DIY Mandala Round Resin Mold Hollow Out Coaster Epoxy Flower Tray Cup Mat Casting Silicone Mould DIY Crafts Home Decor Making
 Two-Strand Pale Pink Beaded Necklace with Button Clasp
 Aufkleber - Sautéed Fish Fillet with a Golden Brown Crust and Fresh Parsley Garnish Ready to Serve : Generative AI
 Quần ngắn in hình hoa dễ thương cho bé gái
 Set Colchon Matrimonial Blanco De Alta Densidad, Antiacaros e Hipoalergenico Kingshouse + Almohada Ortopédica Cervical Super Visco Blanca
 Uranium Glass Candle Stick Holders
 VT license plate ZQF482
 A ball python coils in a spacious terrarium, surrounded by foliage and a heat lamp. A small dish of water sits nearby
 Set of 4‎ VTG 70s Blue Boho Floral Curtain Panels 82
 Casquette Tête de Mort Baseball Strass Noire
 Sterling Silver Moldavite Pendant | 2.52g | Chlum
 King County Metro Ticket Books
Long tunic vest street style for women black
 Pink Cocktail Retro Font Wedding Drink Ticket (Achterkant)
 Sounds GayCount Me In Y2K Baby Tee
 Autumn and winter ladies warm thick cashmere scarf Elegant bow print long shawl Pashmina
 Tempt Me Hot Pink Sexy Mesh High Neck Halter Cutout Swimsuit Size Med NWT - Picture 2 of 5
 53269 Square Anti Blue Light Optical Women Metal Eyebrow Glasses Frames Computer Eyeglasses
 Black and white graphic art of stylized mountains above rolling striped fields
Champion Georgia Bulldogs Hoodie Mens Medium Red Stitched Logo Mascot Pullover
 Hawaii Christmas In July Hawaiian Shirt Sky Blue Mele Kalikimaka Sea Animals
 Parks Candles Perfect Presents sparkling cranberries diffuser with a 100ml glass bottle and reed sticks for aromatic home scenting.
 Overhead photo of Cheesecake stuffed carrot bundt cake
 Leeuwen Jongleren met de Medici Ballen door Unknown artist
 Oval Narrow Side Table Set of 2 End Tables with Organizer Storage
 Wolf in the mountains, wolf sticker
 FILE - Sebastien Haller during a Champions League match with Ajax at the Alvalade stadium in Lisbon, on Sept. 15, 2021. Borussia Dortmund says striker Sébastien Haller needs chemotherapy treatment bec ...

▬▬▬

EXERCISE: Give the count of lines in the listing that contain the word "Blue". No explanation is wanted.

RESPONSE AREA: 3